The epidural steroids in the prevention of epidural fibrosis: MRI and clinical findings.

BACKGROUND: Epidural fibrosis (EF) represents a frequent and poorly manageable complication of lumbar disk surgery.

OBJECTIVES: To investigate the influence of perioperative Epidural Steroid (ES) application on the development of EF.

METHODS: One hundred and seventy eight patients underwent L4/5 or L5/S1 discectomy. The study group receiving ES comprised of eighty five patients, and a further control group comprising eighty two patients received a placebo. At a 12 month follow-up, all subjects underwent contrast magnet resonance imaging of the lumbosacral spine. One hundred and sixty seven patients filled in a predetermined questionnaire containing the Visual Analogue Scale (VAS; pain scale) during the first postoperative days and 12 months after. Intergroup differences were analysed and a correlation between the extent of EF and VAS was examined.

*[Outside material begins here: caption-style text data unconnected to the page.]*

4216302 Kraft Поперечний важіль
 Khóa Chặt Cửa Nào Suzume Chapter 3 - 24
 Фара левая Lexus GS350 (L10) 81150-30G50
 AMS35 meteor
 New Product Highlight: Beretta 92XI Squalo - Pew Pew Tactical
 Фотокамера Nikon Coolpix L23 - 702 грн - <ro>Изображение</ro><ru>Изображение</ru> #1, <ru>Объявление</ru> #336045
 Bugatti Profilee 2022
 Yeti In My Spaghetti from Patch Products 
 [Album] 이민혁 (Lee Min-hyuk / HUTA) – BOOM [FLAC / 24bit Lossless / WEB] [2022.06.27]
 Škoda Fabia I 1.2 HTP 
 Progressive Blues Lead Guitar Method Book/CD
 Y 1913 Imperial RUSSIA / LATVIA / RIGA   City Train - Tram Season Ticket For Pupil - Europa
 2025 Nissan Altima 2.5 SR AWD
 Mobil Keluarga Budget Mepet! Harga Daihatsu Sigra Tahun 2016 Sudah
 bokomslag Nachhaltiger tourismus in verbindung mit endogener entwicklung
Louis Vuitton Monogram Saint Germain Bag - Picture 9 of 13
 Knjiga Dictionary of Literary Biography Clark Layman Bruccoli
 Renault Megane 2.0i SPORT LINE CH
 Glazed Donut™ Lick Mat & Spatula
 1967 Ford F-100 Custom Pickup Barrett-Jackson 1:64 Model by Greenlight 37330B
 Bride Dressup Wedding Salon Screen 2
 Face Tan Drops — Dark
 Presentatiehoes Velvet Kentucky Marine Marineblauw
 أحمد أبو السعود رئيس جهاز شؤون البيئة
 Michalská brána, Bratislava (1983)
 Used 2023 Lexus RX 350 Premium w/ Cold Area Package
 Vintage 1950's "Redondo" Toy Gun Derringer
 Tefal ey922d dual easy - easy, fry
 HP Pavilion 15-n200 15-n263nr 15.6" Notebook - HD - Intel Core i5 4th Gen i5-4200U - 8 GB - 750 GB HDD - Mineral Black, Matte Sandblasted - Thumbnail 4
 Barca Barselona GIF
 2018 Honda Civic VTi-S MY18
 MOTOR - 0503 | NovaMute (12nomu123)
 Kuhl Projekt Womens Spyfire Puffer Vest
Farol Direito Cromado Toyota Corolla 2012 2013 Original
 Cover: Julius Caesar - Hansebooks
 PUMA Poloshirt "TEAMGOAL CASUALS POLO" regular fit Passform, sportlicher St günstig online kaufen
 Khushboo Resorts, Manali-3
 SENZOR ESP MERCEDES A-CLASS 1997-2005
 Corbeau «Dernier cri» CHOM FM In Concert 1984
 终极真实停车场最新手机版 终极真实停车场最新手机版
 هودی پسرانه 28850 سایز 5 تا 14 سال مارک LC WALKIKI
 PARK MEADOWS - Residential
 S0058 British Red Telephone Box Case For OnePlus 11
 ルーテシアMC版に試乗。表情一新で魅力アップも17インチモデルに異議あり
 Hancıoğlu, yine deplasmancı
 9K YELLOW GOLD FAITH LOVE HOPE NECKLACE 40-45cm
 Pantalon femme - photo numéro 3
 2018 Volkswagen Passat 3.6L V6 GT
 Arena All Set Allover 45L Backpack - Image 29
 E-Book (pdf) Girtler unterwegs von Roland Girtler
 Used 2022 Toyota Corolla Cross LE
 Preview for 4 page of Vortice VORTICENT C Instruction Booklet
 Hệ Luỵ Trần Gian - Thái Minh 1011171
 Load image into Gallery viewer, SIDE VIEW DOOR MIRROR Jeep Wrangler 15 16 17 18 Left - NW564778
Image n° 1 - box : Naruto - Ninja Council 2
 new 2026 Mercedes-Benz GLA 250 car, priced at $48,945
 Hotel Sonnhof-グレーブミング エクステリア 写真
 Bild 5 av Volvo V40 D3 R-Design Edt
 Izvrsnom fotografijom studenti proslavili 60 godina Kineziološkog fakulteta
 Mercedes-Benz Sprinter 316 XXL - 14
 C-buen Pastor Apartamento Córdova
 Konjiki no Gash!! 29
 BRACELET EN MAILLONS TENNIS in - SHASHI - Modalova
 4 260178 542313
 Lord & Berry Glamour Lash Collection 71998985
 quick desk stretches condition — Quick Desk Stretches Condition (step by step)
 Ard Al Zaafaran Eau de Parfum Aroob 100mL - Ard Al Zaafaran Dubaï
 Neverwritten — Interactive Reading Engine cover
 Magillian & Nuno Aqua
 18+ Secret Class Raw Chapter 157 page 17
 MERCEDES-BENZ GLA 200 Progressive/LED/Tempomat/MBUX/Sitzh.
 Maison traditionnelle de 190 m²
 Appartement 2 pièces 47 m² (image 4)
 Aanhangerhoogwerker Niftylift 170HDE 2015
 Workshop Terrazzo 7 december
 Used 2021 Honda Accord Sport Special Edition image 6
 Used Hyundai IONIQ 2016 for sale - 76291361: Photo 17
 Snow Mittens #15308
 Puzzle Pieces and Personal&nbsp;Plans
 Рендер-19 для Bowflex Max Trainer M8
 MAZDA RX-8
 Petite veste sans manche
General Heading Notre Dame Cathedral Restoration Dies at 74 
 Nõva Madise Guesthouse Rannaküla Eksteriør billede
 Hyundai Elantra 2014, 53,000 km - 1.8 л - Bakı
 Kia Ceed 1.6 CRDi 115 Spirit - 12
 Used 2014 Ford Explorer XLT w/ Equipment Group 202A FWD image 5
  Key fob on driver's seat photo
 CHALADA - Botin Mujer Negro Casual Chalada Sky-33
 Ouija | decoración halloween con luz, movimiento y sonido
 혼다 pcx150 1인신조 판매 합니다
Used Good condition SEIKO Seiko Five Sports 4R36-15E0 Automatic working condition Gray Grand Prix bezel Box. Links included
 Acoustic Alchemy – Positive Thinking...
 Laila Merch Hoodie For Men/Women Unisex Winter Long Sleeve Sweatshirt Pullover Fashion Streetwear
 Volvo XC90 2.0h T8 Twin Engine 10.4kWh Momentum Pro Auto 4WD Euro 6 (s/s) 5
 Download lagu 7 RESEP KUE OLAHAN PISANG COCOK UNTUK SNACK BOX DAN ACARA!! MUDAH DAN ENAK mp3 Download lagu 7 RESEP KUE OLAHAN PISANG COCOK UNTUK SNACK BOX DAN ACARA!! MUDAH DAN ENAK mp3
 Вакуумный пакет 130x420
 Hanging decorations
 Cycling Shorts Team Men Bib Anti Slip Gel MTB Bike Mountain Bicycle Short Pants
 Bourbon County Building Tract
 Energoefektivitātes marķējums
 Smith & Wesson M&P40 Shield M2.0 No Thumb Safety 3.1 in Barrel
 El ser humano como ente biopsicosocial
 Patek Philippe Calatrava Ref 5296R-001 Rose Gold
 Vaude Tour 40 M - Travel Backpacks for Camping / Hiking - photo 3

RESULTS: The groups did not differ regarding the extent of EF. There was a statistically significant correlation between the degree of fibrosis and VAS (P<0.05). However, there was no significant difference in subjective pain assessment between both groups 12 months postoperatively. The application of ES did not influence their return to work. Patients receiving ES experienced less pain on the first and third days after surgery. The average hospital stay after surgery was shorter in the steroid treated group (4.5 days) compared to 5.2 days in the control group (p<0.05).

CONCLUSIONS: The application of ES did not prove to be useful in the prevention of Failed Back Surgery Syndrome and epidural scar formation. Postoperative pain was decreased in the steroid treated group during the first postoperative week, but not 12 months postoperatively.